#### Data supplied ####

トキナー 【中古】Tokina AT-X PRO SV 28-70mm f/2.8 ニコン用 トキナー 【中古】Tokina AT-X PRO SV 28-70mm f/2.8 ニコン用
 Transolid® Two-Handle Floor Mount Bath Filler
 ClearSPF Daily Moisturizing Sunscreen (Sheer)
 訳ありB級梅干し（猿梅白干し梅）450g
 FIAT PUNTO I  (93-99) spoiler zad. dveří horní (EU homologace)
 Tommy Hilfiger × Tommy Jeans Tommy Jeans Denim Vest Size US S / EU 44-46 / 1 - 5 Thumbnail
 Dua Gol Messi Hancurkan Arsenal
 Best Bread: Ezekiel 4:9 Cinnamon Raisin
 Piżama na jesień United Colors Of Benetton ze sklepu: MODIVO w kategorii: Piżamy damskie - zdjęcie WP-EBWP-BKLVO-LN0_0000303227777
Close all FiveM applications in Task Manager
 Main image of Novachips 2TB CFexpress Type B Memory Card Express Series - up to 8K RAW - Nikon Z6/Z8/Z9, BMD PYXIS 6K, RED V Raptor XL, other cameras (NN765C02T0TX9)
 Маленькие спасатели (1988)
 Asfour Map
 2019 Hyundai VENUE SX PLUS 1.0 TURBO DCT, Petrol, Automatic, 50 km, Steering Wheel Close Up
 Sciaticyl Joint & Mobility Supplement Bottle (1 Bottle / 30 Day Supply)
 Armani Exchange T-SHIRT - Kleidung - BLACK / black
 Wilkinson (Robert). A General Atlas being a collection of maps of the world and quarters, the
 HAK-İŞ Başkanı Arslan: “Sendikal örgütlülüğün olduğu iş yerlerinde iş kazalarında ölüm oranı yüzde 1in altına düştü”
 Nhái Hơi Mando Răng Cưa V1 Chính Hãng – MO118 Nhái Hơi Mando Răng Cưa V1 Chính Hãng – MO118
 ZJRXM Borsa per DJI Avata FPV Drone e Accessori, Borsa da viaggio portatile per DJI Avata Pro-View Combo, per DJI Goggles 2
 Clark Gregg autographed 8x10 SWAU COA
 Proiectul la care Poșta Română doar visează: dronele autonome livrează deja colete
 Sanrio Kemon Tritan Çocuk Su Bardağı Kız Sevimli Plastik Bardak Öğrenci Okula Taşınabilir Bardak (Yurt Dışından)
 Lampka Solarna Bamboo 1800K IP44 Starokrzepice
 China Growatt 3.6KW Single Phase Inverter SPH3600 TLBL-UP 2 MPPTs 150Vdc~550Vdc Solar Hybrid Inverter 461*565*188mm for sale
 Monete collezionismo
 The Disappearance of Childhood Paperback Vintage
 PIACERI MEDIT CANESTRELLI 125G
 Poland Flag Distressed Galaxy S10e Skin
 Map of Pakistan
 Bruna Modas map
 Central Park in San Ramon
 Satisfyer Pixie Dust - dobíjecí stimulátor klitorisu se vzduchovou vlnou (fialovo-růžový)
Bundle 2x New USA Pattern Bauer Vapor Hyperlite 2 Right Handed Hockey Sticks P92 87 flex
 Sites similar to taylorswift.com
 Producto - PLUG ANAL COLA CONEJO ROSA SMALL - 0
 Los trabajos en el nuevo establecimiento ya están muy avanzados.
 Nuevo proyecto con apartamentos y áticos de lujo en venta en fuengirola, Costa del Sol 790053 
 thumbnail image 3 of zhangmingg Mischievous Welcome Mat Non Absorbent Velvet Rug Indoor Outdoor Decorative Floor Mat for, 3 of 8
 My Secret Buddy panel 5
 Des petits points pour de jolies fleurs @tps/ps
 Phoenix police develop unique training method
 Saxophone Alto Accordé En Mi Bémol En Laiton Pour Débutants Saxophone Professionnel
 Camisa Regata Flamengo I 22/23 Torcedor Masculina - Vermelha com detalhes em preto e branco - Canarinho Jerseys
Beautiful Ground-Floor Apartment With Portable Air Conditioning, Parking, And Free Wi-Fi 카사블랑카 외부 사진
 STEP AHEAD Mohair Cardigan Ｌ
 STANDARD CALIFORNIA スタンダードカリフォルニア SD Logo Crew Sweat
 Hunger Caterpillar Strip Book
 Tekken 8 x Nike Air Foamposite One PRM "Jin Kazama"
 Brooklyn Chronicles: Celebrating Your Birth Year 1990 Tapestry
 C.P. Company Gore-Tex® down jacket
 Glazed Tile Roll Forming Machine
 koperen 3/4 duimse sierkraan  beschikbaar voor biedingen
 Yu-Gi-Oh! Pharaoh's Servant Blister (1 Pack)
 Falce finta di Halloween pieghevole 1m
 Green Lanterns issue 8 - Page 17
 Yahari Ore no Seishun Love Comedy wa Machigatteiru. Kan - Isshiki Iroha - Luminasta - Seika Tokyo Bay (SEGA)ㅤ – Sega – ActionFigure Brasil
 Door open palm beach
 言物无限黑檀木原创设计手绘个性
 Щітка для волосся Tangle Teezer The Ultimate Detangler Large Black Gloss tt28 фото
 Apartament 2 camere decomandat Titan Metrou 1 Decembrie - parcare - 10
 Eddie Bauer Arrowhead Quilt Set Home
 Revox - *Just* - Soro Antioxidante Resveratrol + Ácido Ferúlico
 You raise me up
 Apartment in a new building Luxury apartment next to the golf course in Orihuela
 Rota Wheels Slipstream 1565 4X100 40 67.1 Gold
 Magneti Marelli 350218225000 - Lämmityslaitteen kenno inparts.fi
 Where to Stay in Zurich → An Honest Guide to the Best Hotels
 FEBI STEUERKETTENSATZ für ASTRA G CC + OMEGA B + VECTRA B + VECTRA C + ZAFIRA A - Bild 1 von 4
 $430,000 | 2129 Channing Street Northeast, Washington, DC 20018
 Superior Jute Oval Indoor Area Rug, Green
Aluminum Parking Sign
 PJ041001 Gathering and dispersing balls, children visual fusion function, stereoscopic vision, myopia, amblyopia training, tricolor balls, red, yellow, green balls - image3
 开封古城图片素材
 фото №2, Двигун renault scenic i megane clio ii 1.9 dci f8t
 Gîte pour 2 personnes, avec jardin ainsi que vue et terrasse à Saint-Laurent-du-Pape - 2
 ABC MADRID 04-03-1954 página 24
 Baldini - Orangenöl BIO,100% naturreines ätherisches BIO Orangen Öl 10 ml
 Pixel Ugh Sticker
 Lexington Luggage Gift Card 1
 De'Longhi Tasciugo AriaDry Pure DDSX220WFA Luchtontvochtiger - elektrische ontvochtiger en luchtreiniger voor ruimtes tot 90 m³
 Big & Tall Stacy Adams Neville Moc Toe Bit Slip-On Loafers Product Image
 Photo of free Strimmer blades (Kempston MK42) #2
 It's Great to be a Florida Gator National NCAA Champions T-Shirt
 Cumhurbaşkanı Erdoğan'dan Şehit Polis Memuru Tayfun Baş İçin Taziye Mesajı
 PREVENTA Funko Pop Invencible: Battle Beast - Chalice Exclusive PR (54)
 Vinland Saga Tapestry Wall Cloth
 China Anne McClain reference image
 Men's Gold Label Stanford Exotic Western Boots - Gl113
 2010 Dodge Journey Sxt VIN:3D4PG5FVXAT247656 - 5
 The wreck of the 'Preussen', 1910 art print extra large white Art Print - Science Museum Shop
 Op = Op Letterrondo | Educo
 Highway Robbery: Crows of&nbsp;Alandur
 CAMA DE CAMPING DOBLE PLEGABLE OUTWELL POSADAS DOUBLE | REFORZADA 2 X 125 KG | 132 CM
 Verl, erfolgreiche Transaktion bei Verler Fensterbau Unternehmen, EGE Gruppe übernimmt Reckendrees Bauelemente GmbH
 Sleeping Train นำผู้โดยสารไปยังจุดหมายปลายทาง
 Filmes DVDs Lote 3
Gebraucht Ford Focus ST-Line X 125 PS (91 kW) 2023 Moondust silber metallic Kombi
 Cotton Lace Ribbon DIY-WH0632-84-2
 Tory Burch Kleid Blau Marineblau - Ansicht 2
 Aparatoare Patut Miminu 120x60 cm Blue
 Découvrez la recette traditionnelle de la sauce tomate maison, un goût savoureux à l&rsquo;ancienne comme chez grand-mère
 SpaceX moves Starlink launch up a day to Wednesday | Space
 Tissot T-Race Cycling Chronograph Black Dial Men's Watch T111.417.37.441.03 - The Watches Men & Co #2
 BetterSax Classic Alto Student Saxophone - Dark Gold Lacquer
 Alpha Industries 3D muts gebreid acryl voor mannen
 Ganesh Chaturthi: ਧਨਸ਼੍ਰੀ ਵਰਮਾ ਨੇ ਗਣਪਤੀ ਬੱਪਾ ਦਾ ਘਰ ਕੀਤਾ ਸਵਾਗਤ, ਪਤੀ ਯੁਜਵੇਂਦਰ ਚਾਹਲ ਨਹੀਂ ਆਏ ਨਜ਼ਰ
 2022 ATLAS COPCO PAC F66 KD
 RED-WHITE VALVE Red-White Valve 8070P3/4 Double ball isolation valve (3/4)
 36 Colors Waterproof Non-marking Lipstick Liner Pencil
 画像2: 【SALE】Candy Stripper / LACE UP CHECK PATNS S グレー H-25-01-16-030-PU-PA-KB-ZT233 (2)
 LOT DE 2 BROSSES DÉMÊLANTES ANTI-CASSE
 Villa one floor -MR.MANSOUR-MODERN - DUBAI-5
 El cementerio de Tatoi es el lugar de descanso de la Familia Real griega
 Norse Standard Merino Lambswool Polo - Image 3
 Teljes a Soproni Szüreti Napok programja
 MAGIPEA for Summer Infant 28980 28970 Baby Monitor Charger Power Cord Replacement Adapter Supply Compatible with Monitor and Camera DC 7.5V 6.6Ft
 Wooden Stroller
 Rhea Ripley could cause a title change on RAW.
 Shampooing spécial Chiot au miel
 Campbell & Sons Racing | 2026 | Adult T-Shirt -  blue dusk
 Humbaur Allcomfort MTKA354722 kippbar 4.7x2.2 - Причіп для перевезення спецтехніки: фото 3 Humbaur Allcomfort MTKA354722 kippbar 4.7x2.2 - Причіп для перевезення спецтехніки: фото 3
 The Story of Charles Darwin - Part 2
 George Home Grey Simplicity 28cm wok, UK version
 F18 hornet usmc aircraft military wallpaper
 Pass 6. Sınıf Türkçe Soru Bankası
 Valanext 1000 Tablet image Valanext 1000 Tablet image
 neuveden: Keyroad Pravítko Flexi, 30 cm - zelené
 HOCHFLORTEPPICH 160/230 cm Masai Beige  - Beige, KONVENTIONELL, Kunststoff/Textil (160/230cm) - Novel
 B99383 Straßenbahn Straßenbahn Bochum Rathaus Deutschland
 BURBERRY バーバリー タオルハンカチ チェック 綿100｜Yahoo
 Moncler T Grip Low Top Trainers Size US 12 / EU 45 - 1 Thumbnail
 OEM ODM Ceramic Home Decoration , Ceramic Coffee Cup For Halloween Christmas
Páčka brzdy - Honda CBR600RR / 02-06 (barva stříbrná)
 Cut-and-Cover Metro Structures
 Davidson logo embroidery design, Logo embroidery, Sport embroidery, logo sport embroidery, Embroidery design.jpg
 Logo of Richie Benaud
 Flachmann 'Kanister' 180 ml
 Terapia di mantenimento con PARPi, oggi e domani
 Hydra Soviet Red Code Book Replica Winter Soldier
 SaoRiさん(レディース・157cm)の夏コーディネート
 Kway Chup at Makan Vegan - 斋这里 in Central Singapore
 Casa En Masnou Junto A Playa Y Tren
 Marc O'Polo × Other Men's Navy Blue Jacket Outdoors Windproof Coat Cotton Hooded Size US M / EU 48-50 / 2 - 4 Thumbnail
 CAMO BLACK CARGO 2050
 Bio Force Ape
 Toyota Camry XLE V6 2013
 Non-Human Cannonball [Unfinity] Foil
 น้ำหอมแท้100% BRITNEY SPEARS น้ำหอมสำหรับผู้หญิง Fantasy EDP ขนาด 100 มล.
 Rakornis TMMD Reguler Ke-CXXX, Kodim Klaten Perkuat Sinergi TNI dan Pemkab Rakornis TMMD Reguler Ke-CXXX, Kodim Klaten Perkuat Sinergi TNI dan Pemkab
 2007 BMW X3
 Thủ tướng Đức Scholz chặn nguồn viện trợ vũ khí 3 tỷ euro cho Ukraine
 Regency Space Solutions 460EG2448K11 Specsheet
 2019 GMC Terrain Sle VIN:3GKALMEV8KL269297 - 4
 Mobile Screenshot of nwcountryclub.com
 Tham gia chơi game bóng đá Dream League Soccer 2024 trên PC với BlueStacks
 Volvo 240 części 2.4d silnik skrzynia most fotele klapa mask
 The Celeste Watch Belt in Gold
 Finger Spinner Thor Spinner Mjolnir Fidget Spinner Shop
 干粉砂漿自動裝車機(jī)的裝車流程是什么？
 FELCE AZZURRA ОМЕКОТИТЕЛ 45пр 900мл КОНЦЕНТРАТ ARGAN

####

§ Problem requirements: After locating the line holding "Saxophone Alto Accordé" above, output exactly that line and every line after it through the line holding "Superior Jute Oval Indoor Area Rug, Green". Include nothing else.

§ Solution to the problem:
 Saxophone Alto Accordé En Mi Bémol En Laiton Pour Débutants Saxophone Professionnel
 Camisa Regata Flamengo I 22/23 Torcedor Masculina - Vermelha com detalhes em preto e branco - Canarinho Jerseys
Beautiful Ground-Floor Apartment With Portable Air Conditioning, Parking, And Free Wi-Fi 카사블랑카 외부 사진
 STEP AHEAD Mohair Cardigan Ｌ
 STANDARD CALIFORNIA スタンダードカリフォルニア SD Logo Crew Sweat
 Hunger Caterpillar Strip Book
 Tekken 8 x Nike Air Foamposite One PRM "Jin Kazama"
 Brooklyn Chronicles: Celebrating Your Birth Year 1990 Tapestry
 C.P. Company Gore-Tex® down jacket
 Glazed Tile Roll Forming Machine
 koperen 3/4 duimse sierkraan  beschikbaar voor biedingen
 Yu-Gi-Oh! Pharaoh's Servant Blister (1 Pack)
 Falce finta di Halloween pieghevole 1m
 Green Lanterns issue 8 - Page 17
 Yahari Ore no Seishun Love Comedy wa Machigatteiru. Kan - Isshiki Iroha - Luminasta - Seika Tokyo Bay (SEGA)ㅤ – Sega – ActionFigure Brasil
 Door open palm beach
 言物无限黑檀木原创设计手绘个性
 Щітка для волосся Tangle Teezer The Ultimate Detangler Large Black Gloss tt28 фото
 Apartament 2 camere decomandat Titan Metrou 1 Decembrie - parcare - 10
 Eddie Bauer Arrowhead Quilt Set Home
 Revox - *Just* - Soro Antioxidante Resveratrol + Ácido Ferúlico
 You raise me up
 Apartment in a new building Luxury apartment next to the golf course in Orihuela
 Rota Wheels Slipstream 1565 4X100 40 67.1 Gold
 Magneti Marelli 350218225000 - Lämmityslaitteen kenno inparts.fi
 Where to Stay in Zurich → An Honest Guide to the Best Hotels
 FEBI STEUERKETTENSATZ für ASTRA G CC + OMEGA B + VECTRA B + VECTRA C + ZAFIRA A - Bild 1 von 4
 $430,000 | 2129 Channing Street Northeast, Washington, DC 20018
 Superior Jute Oval Indoor Area Rug, Green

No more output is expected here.